Dr. Mona Hanna, Michigan State University College of Human Medicine associate dean of public health, has been recognized in TIME Magazine’s 2026 TIME100 health list of the World’s Most Influential Leaders in Health.
This is Hanna’s second time being recognized in TIME Magazine’s TIME100. In 2016, she was recognized for her work in uncovering the Flint Water Crisis and the exposure to lead’s impact on children, which led to recovery efforts.
“Rx Kids kind of was born out of kind of the goodness that we have been doing in MSU for over a century as this land-grant university to help the people of Michigan,” Hanna said. “MSU was created and built not as so many other universities to think of knowledge that just sits on the shelf.”

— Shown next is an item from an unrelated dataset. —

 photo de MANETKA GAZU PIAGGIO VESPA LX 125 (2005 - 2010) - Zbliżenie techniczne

Hanna said MSU’s impact in human medicine has led to the creation of Rx Kids: the nation’s first community-wide maternal and infant cash prescription program. Launched in 2024 in Flint, Michigan, the program’s mission to be service-driven and population-focused helped the program.

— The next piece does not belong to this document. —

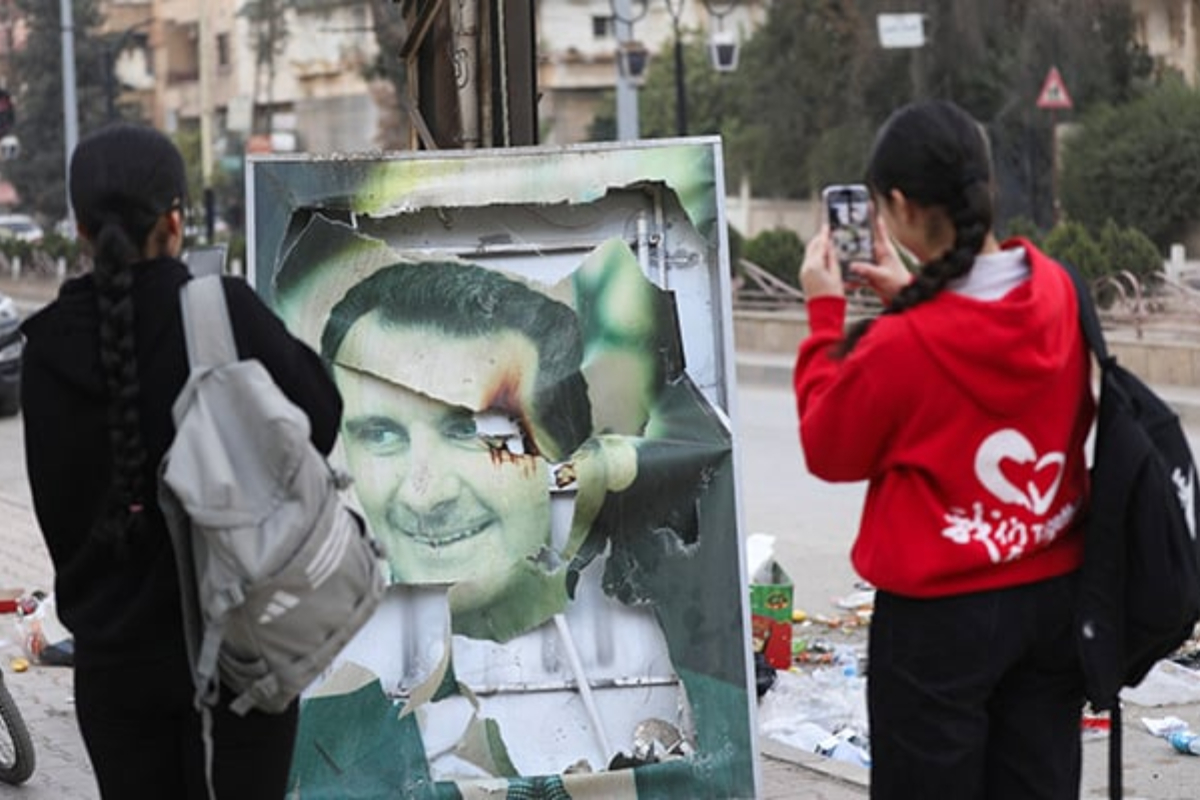 Assad leaves Syria, Russia confirms, as Rebels impose curfew in Damascus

“I feel the College of Human Medicine embodies that ethos more than anywhere else in the university because we are the first community-based medical school,” Hanna said. “And we are a medical school that actually has public health embedded in medicine.”

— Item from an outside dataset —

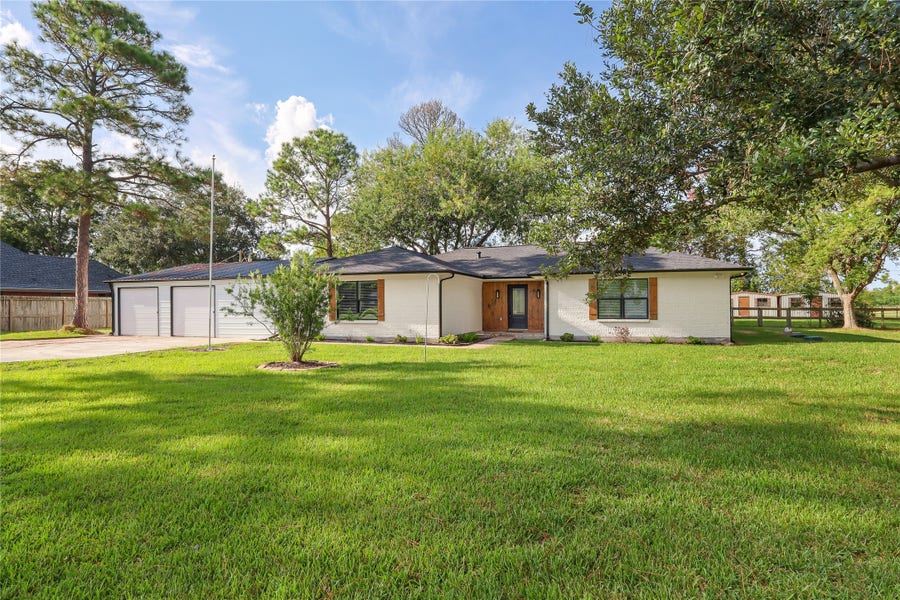 Property photo for 12106 Giusti Lane, Santa Fe, TX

Hanna said the program’s goal is to eliminate poverty for moms and babies to improve health.
“This is fundamentally a maternal and infant health program,” Hanna said. “It is medicine, but it's not a pill, it's prevention. It's born out of a medical school with a mission of serving the people out of a university that was fundamentally built to help the people of the state.”
Hanna, who has been practicing medicine as a pediatrician for decades, said she’s frustrated at the lack of effort to address poverty and its role in many communities falling ill.
“And rather than kind of shortening our shoulders and saying, ‘okay, let's just keep mandating that, let's keep creating expensive after-the-fact programs,’ RxKids was this common-sense idea, like, ‘let's actually focus on prevention and make sure that babies aren't born into poverty so that we can improve their health,’” Hanna said.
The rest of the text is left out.